Mexico's election
Right gains with push
from U.S. imperialism
By
Gloria La
Riva
Did
the recent presidential election in Mexico set the stage for a political
sea-change in that country? Or was it merely another
election?
On
July 2, Mexico's voters elected Vicente Fox, a former Coca-Cola executive and
the candidate of the right-wing PAN (National Action Party), handing the ruling
PRI its first presidential defeat in 71 years. PRI stands for Party of the
Institutional Revolution.
Fox
received 42 percent and PRI candidate Francisco Labastida 35 percent of the
vote. The candidate of the Democratic Revolutionary Party (PRD), Cuauhtemoc
Cardenas, came in third with 16.5
percent.
In
1988, it may be remembered, Cardenas had run for president and was so popular
with the workers and peasants that most Mexicans believe he actually won that
contest.
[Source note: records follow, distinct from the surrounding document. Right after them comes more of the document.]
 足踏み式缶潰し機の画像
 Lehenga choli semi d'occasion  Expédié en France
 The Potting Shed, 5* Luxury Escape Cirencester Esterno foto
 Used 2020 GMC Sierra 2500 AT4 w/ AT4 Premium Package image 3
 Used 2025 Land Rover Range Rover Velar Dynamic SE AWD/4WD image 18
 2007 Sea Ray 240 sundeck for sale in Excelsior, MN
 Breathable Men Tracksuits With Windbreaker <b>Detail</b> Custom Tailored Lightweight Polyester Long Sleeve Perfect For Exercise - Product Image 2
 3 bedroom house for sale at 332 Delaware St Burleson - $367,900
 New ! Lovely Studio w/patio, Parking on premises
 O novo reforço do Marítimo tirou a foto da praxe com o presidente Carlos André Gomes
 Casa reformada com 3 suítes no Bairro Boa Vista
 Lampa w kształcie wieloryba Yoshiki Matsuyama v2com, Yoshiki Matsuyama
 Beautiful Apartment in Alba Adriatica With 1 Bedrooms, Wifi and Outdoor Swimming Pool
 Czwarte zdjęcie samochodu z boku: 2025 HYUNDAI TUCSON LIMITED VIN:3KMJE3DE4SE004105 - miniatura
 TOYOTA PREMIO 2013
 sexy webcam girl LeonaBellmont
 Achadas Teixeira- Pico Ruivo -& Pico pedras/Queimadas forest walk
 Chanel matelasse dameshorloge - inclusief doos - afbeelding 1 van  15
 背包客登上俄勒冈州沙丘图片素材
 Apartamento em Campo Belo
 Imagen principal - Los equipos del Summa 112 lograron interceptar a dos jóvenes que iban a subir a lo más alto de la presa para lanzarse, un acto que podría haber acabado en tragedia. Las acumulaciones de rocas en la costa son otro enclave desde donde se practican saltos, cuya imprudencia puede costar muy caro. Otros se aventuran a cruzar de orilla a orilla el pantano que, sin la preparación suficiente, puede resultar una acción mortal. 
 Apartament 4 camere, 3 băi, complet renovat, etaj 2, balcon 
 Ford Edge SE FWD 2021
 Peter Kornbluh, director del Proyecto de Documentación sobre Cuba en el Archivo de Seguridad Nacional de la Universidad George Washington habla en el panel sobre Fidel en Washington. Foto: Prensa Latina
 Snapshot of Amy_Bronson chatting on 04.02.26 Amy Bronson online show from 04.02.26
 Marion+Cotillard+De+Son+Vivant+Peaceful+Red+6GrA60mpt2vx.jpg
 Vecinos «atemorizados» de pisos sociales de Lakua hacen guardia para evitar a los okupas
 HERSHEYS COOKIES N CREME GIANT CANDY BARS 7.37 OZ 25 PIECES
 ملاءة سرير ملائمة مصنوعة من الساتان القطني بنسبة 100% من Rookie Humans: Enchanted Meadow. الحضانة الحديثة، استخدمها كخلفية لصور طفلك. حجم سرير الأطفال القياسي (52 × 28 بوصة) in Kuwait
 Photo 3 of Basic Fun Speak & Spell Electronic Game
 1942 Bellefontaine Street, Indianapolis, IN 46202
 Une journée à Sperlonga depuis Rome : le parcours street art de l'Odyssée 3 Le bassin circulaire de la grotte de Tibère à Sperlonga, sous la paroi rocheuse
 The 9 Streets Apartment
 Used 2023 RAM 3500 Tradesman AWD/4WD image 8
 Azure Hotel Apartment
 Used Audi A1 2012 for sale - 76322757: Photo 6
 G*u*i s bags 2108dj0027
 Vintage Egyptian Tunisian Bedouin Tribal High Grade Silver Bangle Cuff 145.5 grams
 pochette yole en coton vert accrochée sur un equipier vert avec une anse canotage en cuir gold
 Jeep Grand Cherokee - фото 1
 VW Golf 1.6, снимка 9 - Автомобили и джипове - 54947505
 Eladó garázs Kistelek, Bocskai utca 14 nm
Many charged election fraud on the part of the ruling PRI. After the
election, when the PRD did nothing to forcefully challenge the results, the
impatience of the masses with their miserable conditions was shown in the
emergence of new revolutionary groups, especially in the
countryside.
When
PRI nationalized the
oil
Cardenas
is son of the late president Lazaro Cardenas, who between 1936 and 1940 carried
out far-reaching economic reforms. With capitalism in a worldwide depression,
the workers and peasants were organized and militant enough to pressure the
Mexican bourgeois government to nationalize the country's petroleum, land and
other industries. These measures helped rescue Mexico from a legacy of U.S. and
British control of its economic
pillars.
To
the extent that the masses for many decades perceived the PRI as the party of
Mexican sovereignty, it was because of the role it had played in those
years.
Established
in the aftermath of the 1910 Mexican national bourgeois revolution, the PRI
began its 71-year domination over Mexican politics in 1929. Nationalizing the
oil stabilized the economy after the chaos of the Depression. This stability
aided the PRI's political monopoly, as did a patronage system developed over the
years.
However,
economic turmoil after Mexico's economic crisis in the 1980s began to create
widespread opposition to the PRI's increasingly right-wing policies. It
abandoned its earlier independent stance and surrendered to the dictates of the
imperialist banks and corporations, leading to the wholesale dismantling of
Mexico's national economic infrastructure.
One
example was the passing of NAFTA, the North American Free Trade Agreement,
enthusiastically endorsed and promoted by President Carlos Salinas in 1994. The
purpose of the accord was to open up Mexico's markets to U.S. agribusiness and
other companies through the elimination of tariffs that traditionally protected
Mexican
products.
Effects
of
NAFTA
Since
NAFTA was passed in 1994, Mexico's agriculture and peasants have faced disaster.
In these six years, according to the Agricultural Commission of the Mexican
Parliament, Mexico has been converted into an importer of what had been its main
domestic grains--rice, beans, wheat, soy and sorghum. Giant U.S. agribusinesses
like Cargill, Anderson Clayton and Pilgrims Pride now sell Mexico the corn that
once was produced by 2.5 million Mexican farmers and agricultural workers. Even
the U.S. Department of Agriculture didn't dream of such success. It had
estimated that U.S. producers would accomplish this task in 15
years.
Before
NAFTA, the PRI presidents Miguel de la Madrid (1982-1988) and Carlos Salinas
(1988-1994) sold off more than 1,800 state-owned mines and industries to foreign
and other private investors. Essential government food subsidies that had
existed for years to keep the poorest from starving were cut or eliminated. From
1994 to 2000, the number of poor people who received milk and tortilla subsidies
was cut from 1.5 million to 1.1
million.
As
a result Mexico's most oppressed were forced to flee to the north just to
survive. As their numbers increase, the deaths of Mexican immigrants in U.S.
deserts is testament to the effects of U.S. imperialist pressure on their
economy.
Even
as the Mexican people grew more desperate for economic improvement and real
change, the U.S. was helping to fund and promote the PAN, often described as
"pro-business," as the potential political alternative to the PRI, undercutting
the social-democratic PRD. Now the PRI may lose more than just the presidency.
The
Mexican masses saw the PRI's defeat as their number-one objective in this year's
elections. This is the main reason for the strong turnout in favor of the PAN,
rather than an endorsement of PAN's right-wing agenda. PRI and "one-party
politics" are seen as the main culprits in political corruption, repression and
economic
crisis.
On
election night in Mexico, people were cheering, saying that Fox would implement
real economic and social change to benefit the people, even though his ideology
is also anti-worker and reactionary. It is wishful thinking. Sooner than later,
the Mexican people, with their proud tradition of struggle and revolution, will
see through the farcical self-portrayal of Fox as the people's candidate, in the
same way they now see through the PRI.